Denise, still not understanding, gestures for them to continue.


"I was worried about you. You were getting all in your head about the book, and you wouldn't stop complaining about your writer's block. I thought you needed something else to focus on."


"So you orchestrated a fake death?" Denise shouts.


"It had to be real; it was Ingrid's idea, actually. She needed something for her art school portfolio."


Denise starts yelling so fast her word jumble together, and she quickly runs out of breath.


"Jim, you told me I was crazy. Margaret, you bombarded me in the parking lot. Ingrid, you embarrassed me at Starbucks."


Guilty expressions briefly cross their faces.


"We know how suspicious you get. If it didn't feel real, you wound't have believed it." Jim places his hand on Denise's shoulder to comfort her.

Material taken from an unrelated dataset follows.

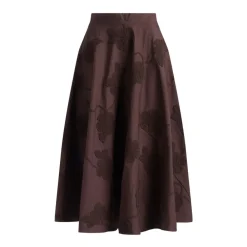 ROTATE Birger Christensen Nederdele*Flower Maxi Skirt Brun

"I thought Mildred was murdered! I was going to pretend to be a reporter from  Rolling Stone to interview Ingrid and get her to admit she

did something shady."


They all burst out laughing as Denise pulls an obviously fake press pass out of her purse. Mildred goes on to explain she really was a groupie but never made a fortune from it. They all started to reveal the silly things they did not to get caught and make sure the plan worked.


"Wait, who are all those people outside and the people at Starbucks?"

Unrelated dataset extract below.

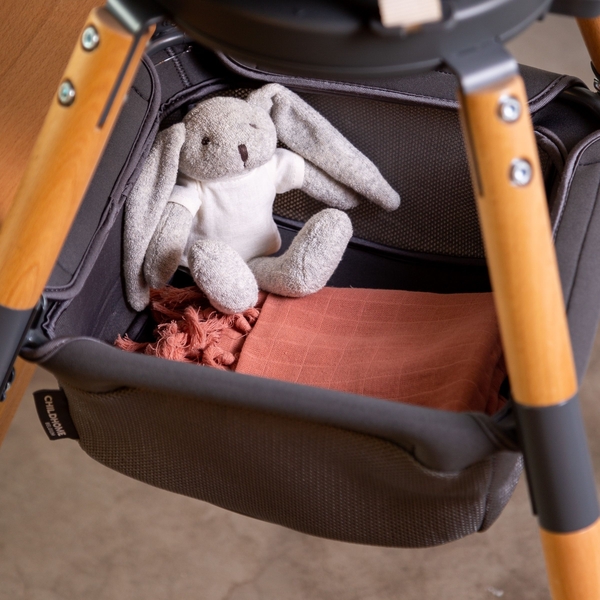 Кошик для речей до стільця для годування Childhome Evolu, антрацит (CHEVOBASA) - Pampik - 5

"Oh, they're from my improv group." Mildred answers.


They all kept talking until an alarm set on Jim's phone went off.


"We have to start cleaning up. My mom has to do an open house here tomorrow and I promised I'd give her the keys back by 8."


Everyone starts going through the double doors, but Denise stops Jim, the two of them staying behind.


"This was absolutely crazy and there was no reason for something so elaborate, but thank you. It's the thought that counts, I guess."